Book Review: Ride the Trail of Death, by Kenneth L. Kieser

Life is dangerous in the Dakota Territory, circa 1875. Enroute to Deadwood, Birch Rose’s family is waylaid by a Lakota raiding party, his father is killed, and their horses are stolen. He sets off alone on the trail to Deadwood to get help, dazed and enraged, and the teenager manages to kill several erstwhile Lakota ambushers along the way. He stumbles into town barely alive, and soon learns that his mother has been killed by bandits, and his two brothers are missing, presumed dead.
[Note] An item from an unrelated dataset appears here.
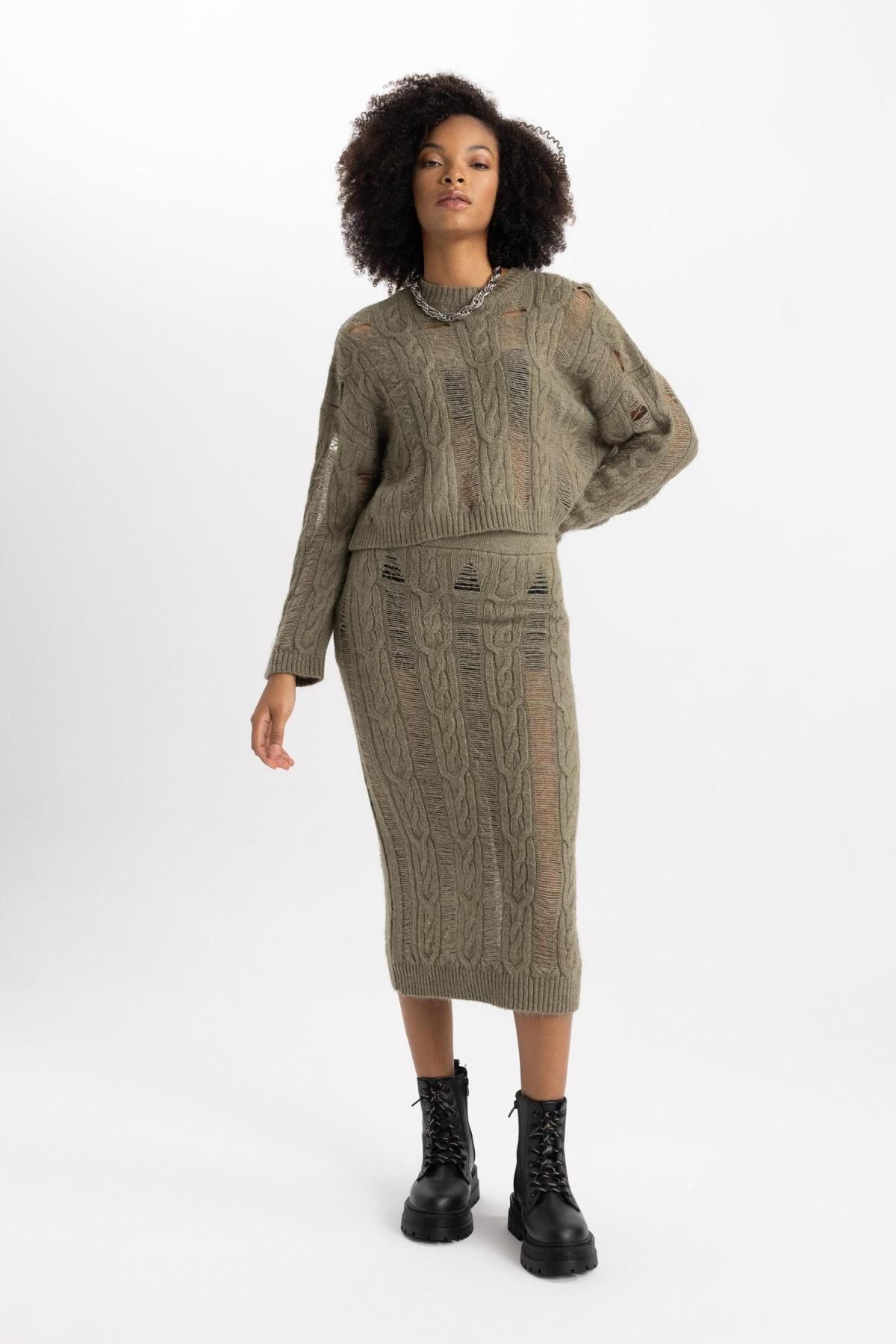 Slim Fit Triko Etek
The course of Birch’s life is now set–he must find the men who killed his family and exact revenge, by any means necessary.

In Ride the Trail of Death, Kenneth L. Kieser has written an engaging yarn of the Old West, based loosely on a historical footnote from his own family tree. He captures the sights, sounds, smells, and characters of the notorious frontier town of Deadwood in a time when justice was the province of rough men who weren’t afraid to bend the rules when they saw fit.
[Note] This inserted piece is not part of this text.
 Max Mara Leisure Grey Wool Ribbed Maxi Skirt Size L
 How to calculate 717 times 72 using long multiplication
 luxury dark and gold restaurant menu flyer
Kieser’s style is winsome and accessible. It’s the story of a boy hurled instantly and unmercifully into manhood, and it often reads like a young adult book, though its portrayal of the violence rampant in the Dakotas during the Black Hills gold rush days is graphic and unblinking. The story shifts among a variety of points-of-view besides Birch’s, which provides some interesting insights but also causes the storytelling to wander into side plots that aren’t fully explored or resolved. Many interesting characters are introduced, but sadly, most of them don’t survive very long, victims of a time and place where life was held cheap and danger lurked around every dark corner.

Keiser includes a preface that explains his family connection to this story, as well as some nice photographs and maps of 1870’s Deadwood and its surrounding environs. My trade paperback copy featured attractive cover art depicting Birch and a couple of companions on horseback, in pursuit of the killers. Editing could have been tighter–I stumbled across several typos and grammatical errors–but I enjoyed Ride the Trail of Death very much overall, and would recommend it to anyone who enjoys a good Western.